SALUTE is a standardized format for organizing and reporting information (modified to SALT 
under some tactical situations). Meanings and descriptions: 

SIZE: Number of persons, vehicles, aircraft. 

ACTIVITY: What the observed was doing. 

LOCATION: Grid coordinates or reference (distance and direction) from a known point. 
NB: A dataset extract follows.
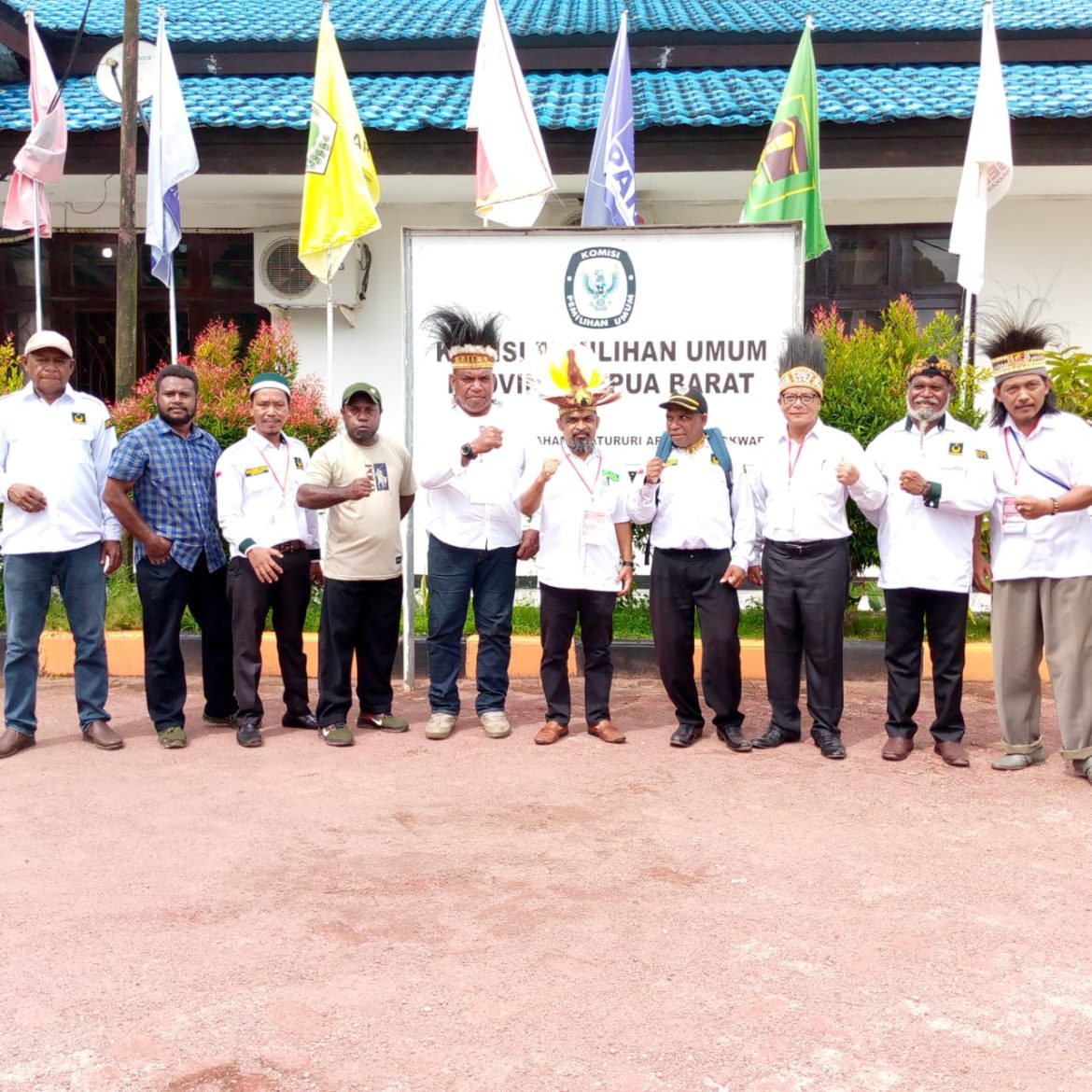 Ismail Sroyer Resmi Terdaftar Di KPU Papua Barat Siap Membawa Perubahan Sebagai Bacaleg DPRD Provinsi Dapil 1 Dari PBB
UNIT: Description of clothing, patches, marking, numbering, symbols, distinctive 
identifiers of the observed. 

UME: Date/time group of observation. 

EQUIPMENT: Description or identification of any equipment associated with the 
activity. 

A variety of situations should be available including transporting or varying the 
presentation of the stimulus. The participant’s role is primarily passive; the emphasis is on the 
observing and reporting rather than the tactical response. Not all situational presentations should 
be obvious (i.e., an enemy soldier); some should be of “neutral” situations that the participant is 
expected to assess. 

The information is normally transmitted by radio. This should be duplicated, including 
the response by the receiver (which could include instructions like requests for clarification, 
more information, continued updates). Call signs should be used. 

An example of a complete transmission would be: ROMEO ONE ALPHA THIS IS 
BRAVO SEVEN TANGO OVER. (Bravo Seven Tango This Is Romeo One Alpha Over) 
ROMEO ONE ALPHA THIS IS BRAVO SEVEN TANGO MESSAGE FOLLOWS OVER 
(Bravo Seven Tango This Is Romeo One Alpha Roger Over) THIS IS BRAVO SEVEN 
TANGO SPOT REPORT. SIERRA THREE PERSONNEL. ALPHA MOVING 
DISMOUNTED ON TRAIL. LIMA VICTOR KILO ONE ZERO NINER FIVE FIVE ZERO. 
UNIFORM KRASNOVIAN ARTILLERY FLASH ON HELMETS. TANGO ONE FIVE 
NOVEMBER ELEVEN HUNDRED ZULU. ECHO ONE RADIO AND THREE RIFLES 
POSSIBLE LASER DESIGNATOR PACKS OVER. (This is Romeo One Alpha Roger Out) 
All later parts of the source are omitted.